[Short text fragments from websites]
════

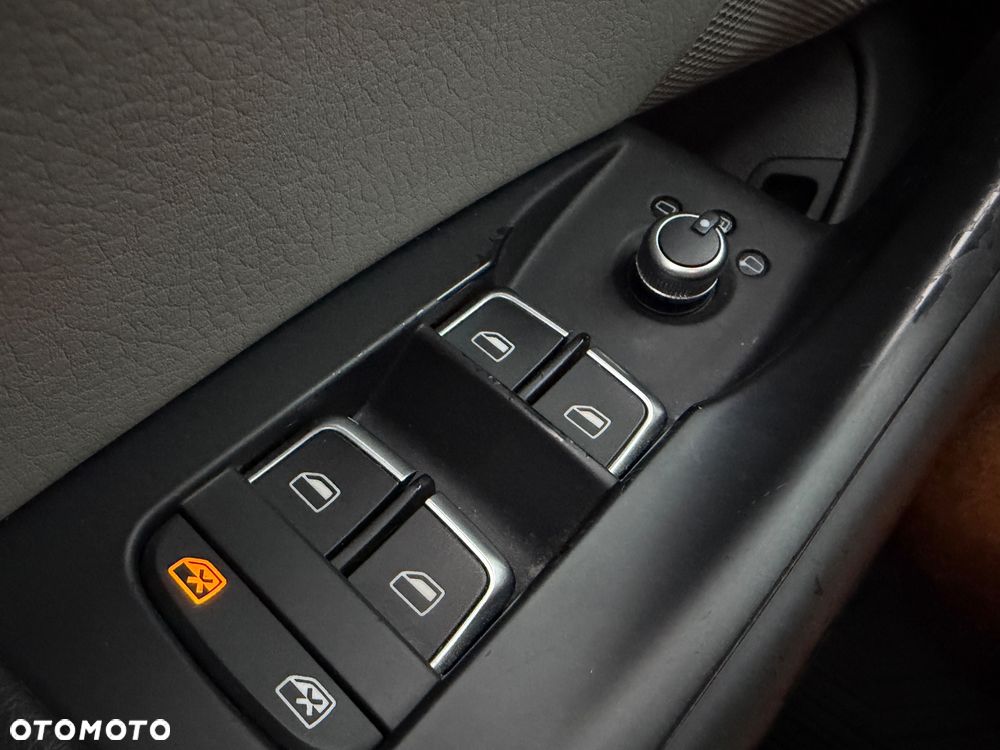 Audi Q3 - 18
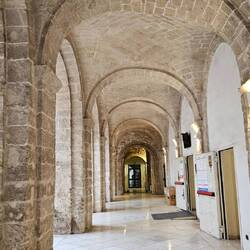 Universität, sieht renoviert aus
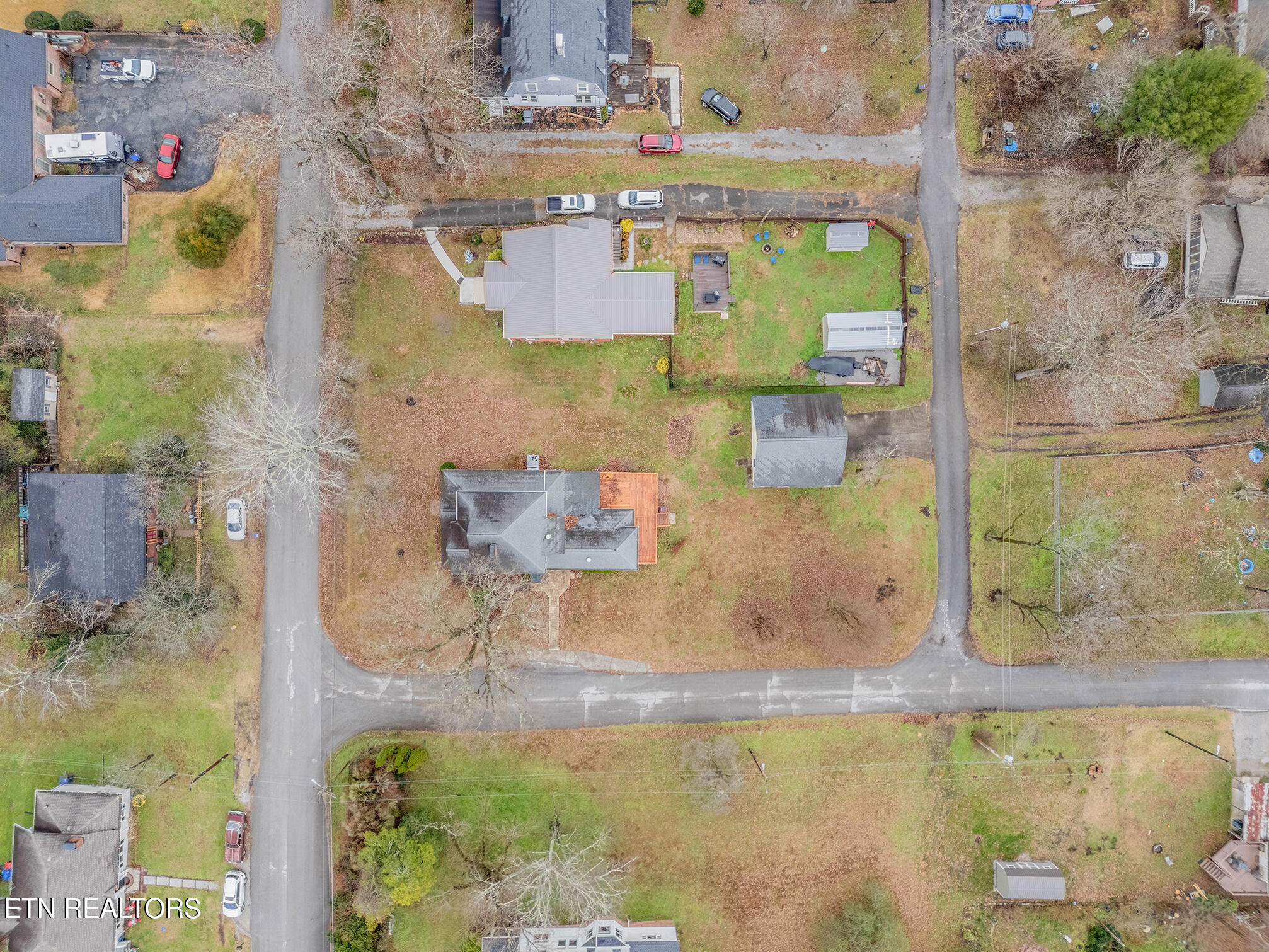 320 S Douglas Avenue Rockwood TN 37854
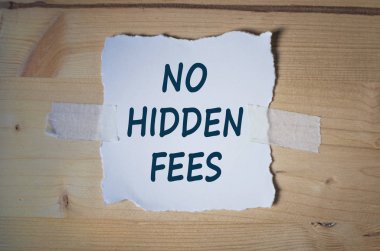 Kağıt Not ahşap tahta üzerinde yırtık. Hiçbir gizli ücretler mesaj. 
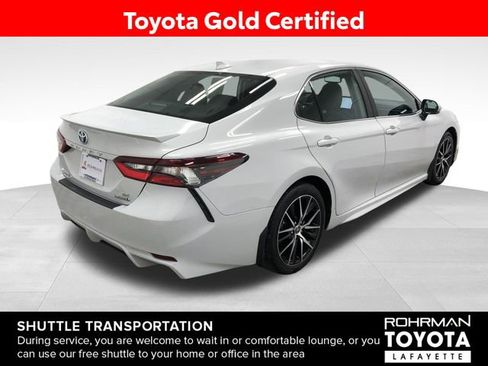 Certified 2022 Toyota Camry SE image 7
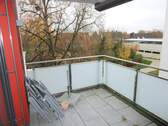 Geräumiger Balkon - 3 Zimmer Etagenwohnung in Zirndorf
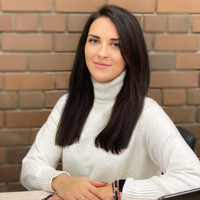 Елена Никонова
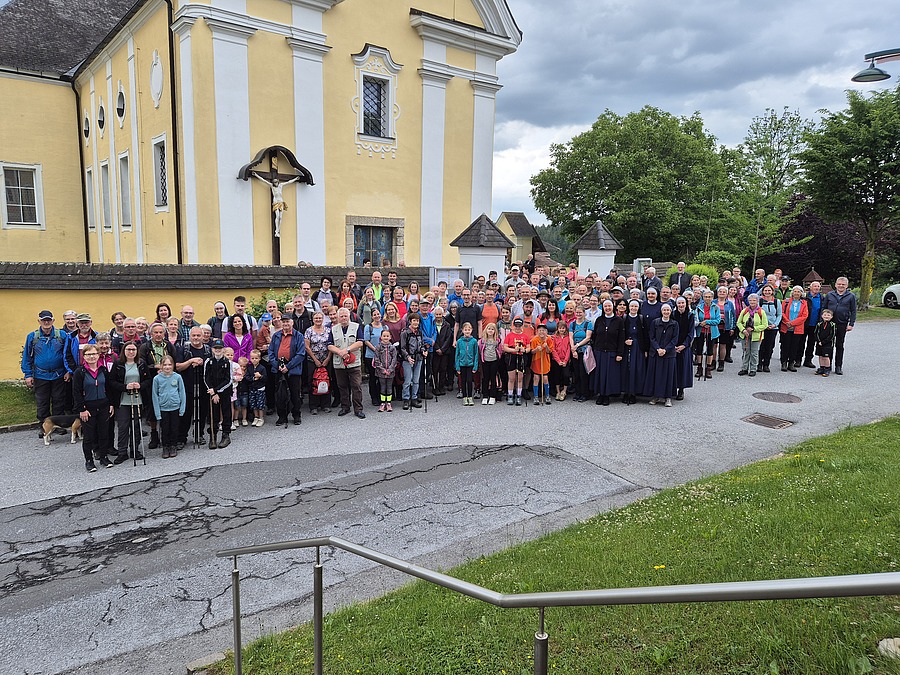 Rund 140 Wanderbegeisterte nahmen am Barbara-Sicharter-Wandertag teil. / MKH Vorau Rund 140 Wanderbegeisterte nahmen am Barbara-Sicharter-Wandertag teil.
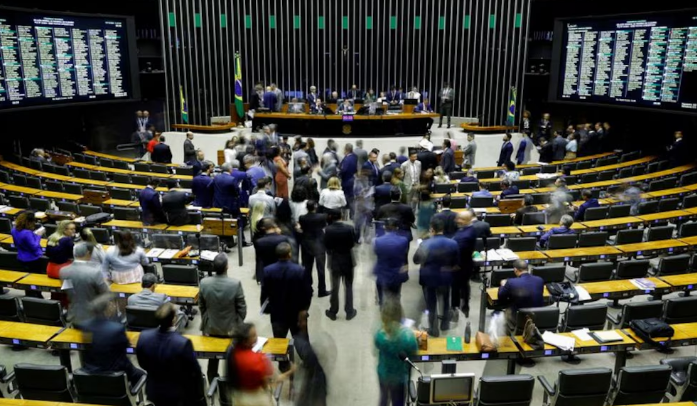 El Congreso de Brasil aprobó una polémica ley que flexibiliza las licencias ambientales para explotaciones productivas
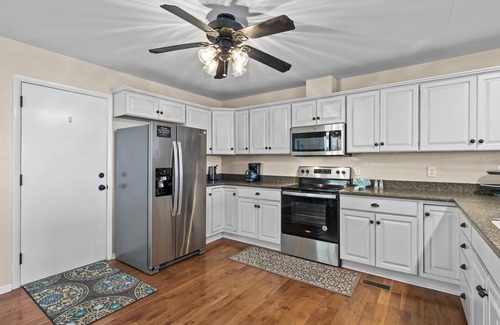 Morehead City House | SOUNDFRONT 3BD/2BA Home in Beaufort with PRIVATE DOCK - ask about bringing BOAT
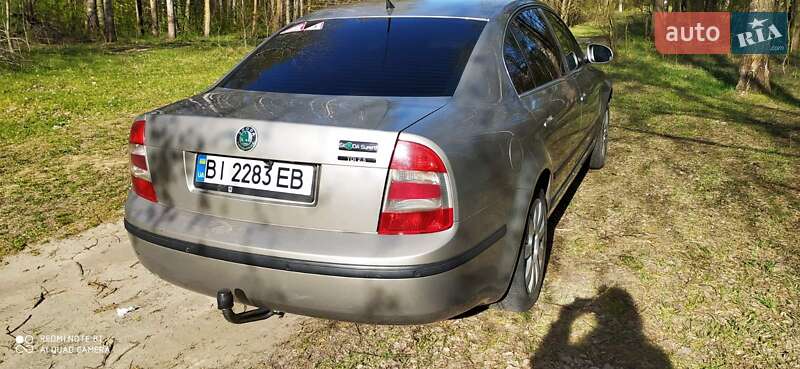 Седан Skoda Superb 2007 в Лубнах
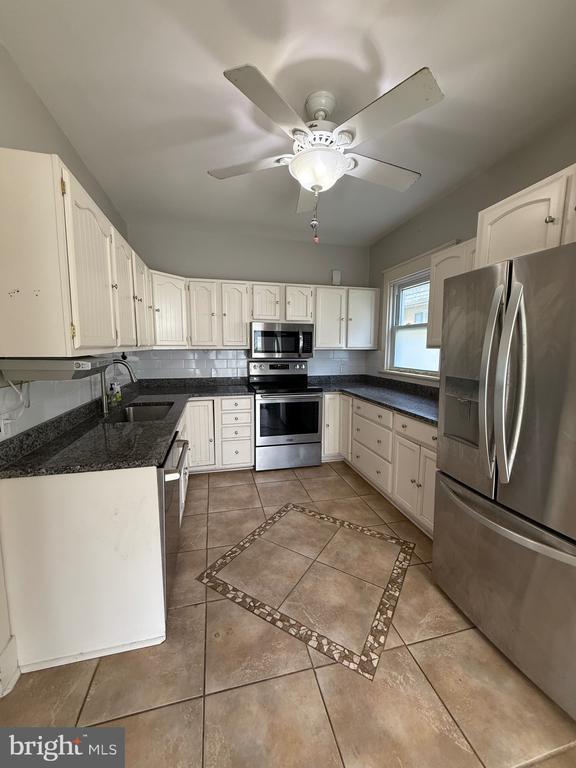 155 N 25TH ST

════

Task goal: Write out the entries above in full and exactly; no pictures.

Expected answer:
 Audi Q3 - 18
 Universität, sieht renoviert aus
 320 S Douglas Avenue Rockwood TN 37854
 Kağıt Not ahşap tahta üzerinde yırtık. Hiçbir gizli ücretler mesaj. 
 Certified 2022 Toyota Camry SE image 7
 Geräumiger Balkon - 3 Zimmer Etagenwohnung in Zirndorf
 Елена Никонова
 Rund 140 Wanderbegeisterte nahmen am Barbara-Sicharter-Wandertag teil. / MKH Vorau Rund 140 Wanderbegeisterte nahmen am Barbara-Sicharter-Wandertag teil.
 El Congreso de Brasil aprobó una polémica ley que flexibiliza las licencias ambientales para explotaciones productivas
 Morehead City House | SOUNDFRONT 3BD/2BA Home in Beaufort with PRIVATE DOCK - ask about bringing BOAT
 Седан Skoda Superb 2007 в Лубнах
 155 N 25TH ST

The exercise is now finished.